WM9 melanoma cells (10⁴ cells per well) were seeded in 96-well plates and cultured in media (RPMI 1640 with 10% FBS) for 24 h followed by serum starvation for 24 h. The cells were then treated either with (i) full-length midkine (100 ng/ml) or (ii) KLK7-fragmented midkine or (iii) KLK7 (1 ng/ml), (iv) without midkine (vehicle control) for 3 days. After treatment, the cells were mixed with alamarBlue® reagent (Invitrogen), and the proliferation rates were measured according to the manufacturer's instruction.

Migration and Invasion Assay

Cell migration was measured using the cell migration assay kit (CULTREX®). The cells were trypsinized, counted, and then resuspended in medium supplemented with or without treatment (as described in proliferation assay) to 10⁶ cells/ml. Cells (5 × 10⁴/well) in each treatment were loaded into the top chamber of a 96-well plate containing a 8-μm polyethylene terephthalate membrane. After 24 h of incubation, free cells were washed off. The migrated cells were dissociated using the cell dissociation buffer containing calcein-AM. The calcein fluorescence released by the intracellular esterases was measured by Wallac Envision Multilabel Reader (PerkinElmer Life Science) at 485-nm excitation, 520-nm emission to quantitate the number of migrated cells.

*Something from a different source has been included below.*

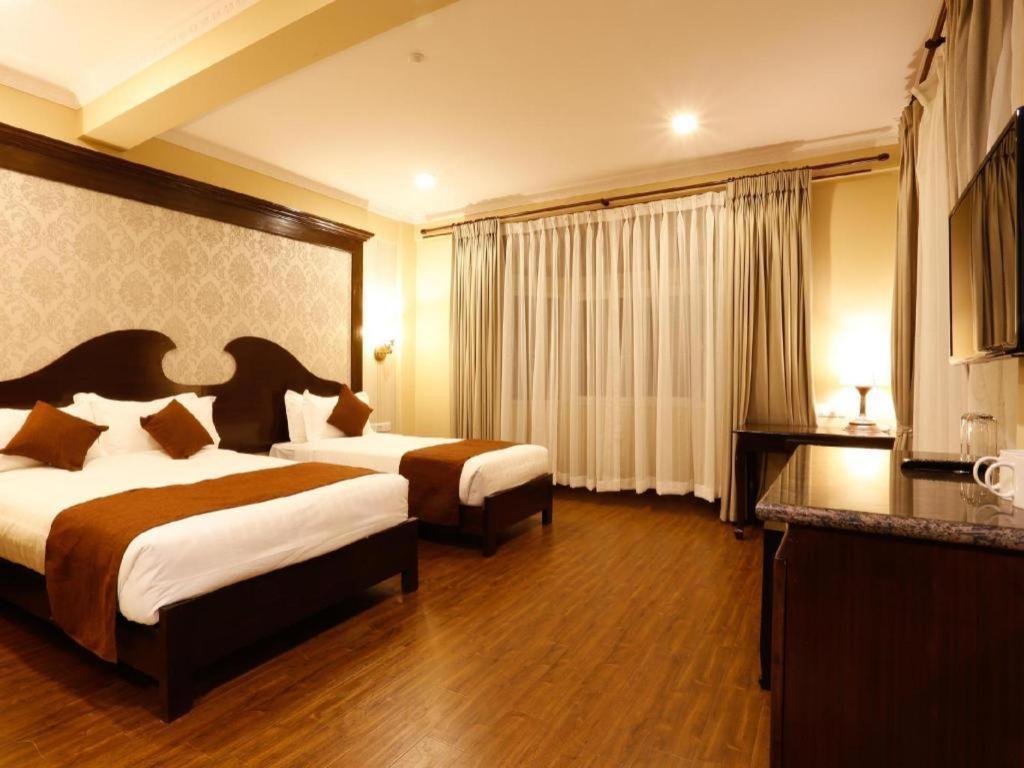 Da Yatra Courtyard Hotel & Resort Ποκάρα Εξωτερικό φωτογραφία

Cell invasion assay was performed according to the instructions of the cell invasion assay kit (CULTREX®). The top chamber of the invasion plate was coated with basement membrane extract 1 day before the assay. Cells (10⁶ cells/ml) were starved 1 day before the assay and resuspended in medium supplemented with or without treatment (as described in proliferation assay) on the experiment day. Cells (5 × 10⁴/well) in each treatment were loaded into the basement membrane extract-coated top chamber of a 96-well plate. After 24 h of incubation, free cells were washed off. The invaded cells were dissociated using the cell dissociation buffer containing calcein-AM. The calcein fluorescence released by the intracellular esterases was measured as described above.

Microarray Profiles

Publicly available microarray data profiles from cancer and normal human tissue across 8 cancer types were downloaded from the NCBI GEO repository (20) of microarray experiments. All data were selected to be in a common array platform: Affymetrix HG-U133 Plus2. Suitable experiments were located, and data were downloaded as raw CEL files for further processing.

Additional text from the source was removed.